Woodcroft is a suburb of Sydney, in the state of New South Wales, Australia. Woodcroft is located 37 kilometres west of the Sydney central business district, in the local government area of the City of Blacktown and is part of the Greater Western Sydney region. Woodcroft Lake is on Bricketwood Drive and the Neighbourhood Centre is beside it. It is popular among the community. The suburb contains many play areas.

History
From 1969 to 1988 Woodcroft was the State Brickworks in Doonside (and prior to 1969 it was the location of the State Timberworks). In 1989, the land was purchased by estate agents and developers LJ Hooker. After rezoning, residential construction commenced in 1992 and Woodcroft was formally recognized as a suburb in 1996.

Commercial area
There is a modest independent retail mall on Richmond Road. Services include a service station, supermarket, doctor's surgery, and a variety of independent and franchise fast food outlets.

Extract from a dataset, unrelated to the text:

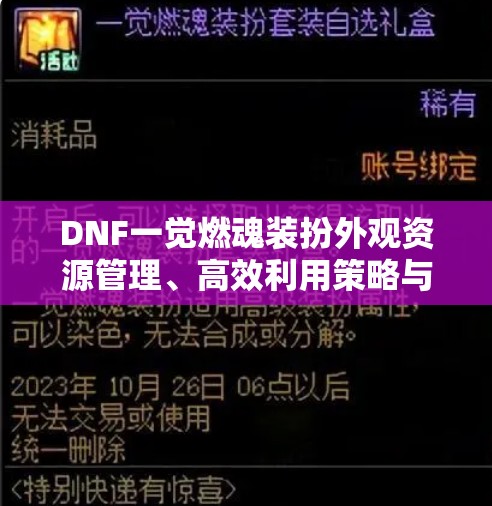 DNF一觉燃魂装扮外观资源管理、高效利用策略与价值最大化指南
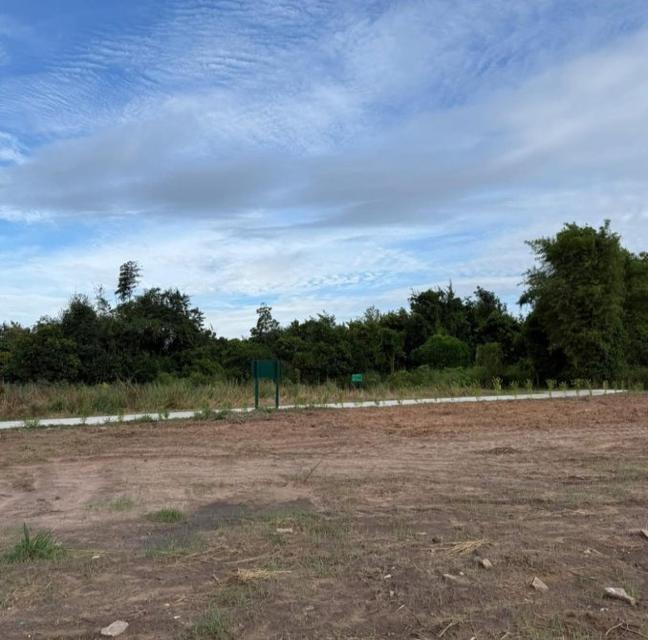 ขายที่ดินนาเริก 4 ไร่ ใกล้ถนนเส้น3246-900เมตร พนัสนิคม จ.ชลบุรี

Facilities such as disabled toilets, parenting rooms, and children's play areas, are limited.

Transport
The Blacktown Social Plan shows that Woodcroft households are much more likely to have one car than is usual across both the city of Blacktown, and the Sydney greater metropolitan area. However they are also much less likely to have two or more cars than is usual. This is somewhat of an indication of the transport connections throughout the area and the demographic of the population.

Access to public transport is somewhat limited, being via bus to either Blacktown, Doonside or Quakers Hill railway stations. Most households have one car.

The M7 motorway is accessible to Woodcroft via either the Richmond Road or Quakers Hill Parkway. Since it opened in December 2005 this has improved access to the Hills District, Liverpool and providing connections to both the M2 and M4 motorways.

Housing
The predominant form of housing throughout the suburb is free standing single homes; no residences are apartments and 19.0% are townhouses, semi-detached or similar. This modern, low density housing is a reflection of the standard of living throughout the suburb. A number of streets in Woodcroft are named after well known Australian lakes for example Burrinjuck Drive is named after Burrinjuck Dam and Burragorang street names after lake Burragorang

Landmarks

Woodcroft Lake
Woodcroft features a small man-made lake called Woodcroft Lake, on the area of a former Brick Pit. Each year, in September, the lake and surrounding park is home to the Woodcroft Festival.

Woodcroft Neighbourhood Centre
In 2019, a new Neighbourhood Centre designed by Carter Williamson Architects was opened. It replaced the previous neighbourhood centre which was destroyed by a fire in 2015.

Population
The Blacktown Social Plan indicates that between 1996 and 2001 census, the population increased from 1683 to 4969 people, an increase of over 195%. This is linked directly to the level of residential development occurring throughout the 1990s. It has since stabilised somewhat, growing to 5,355 in 2006 and 6,440 at the . 23.1% of the population was born in the Philippines in 2011, the highest proportion born in the Philippines in Sydney. This had fallen slightly to 21.1% in 2016.

The Blacktown Social Plan shows that compared to the averages across both the City of Blacktown, and the Sydney greater metropolitan area, residents of Woodcroft are more likely to be English literate migrants, working in white collar jobs. They are also very likely to be buying their own house and to be living as a couple with children.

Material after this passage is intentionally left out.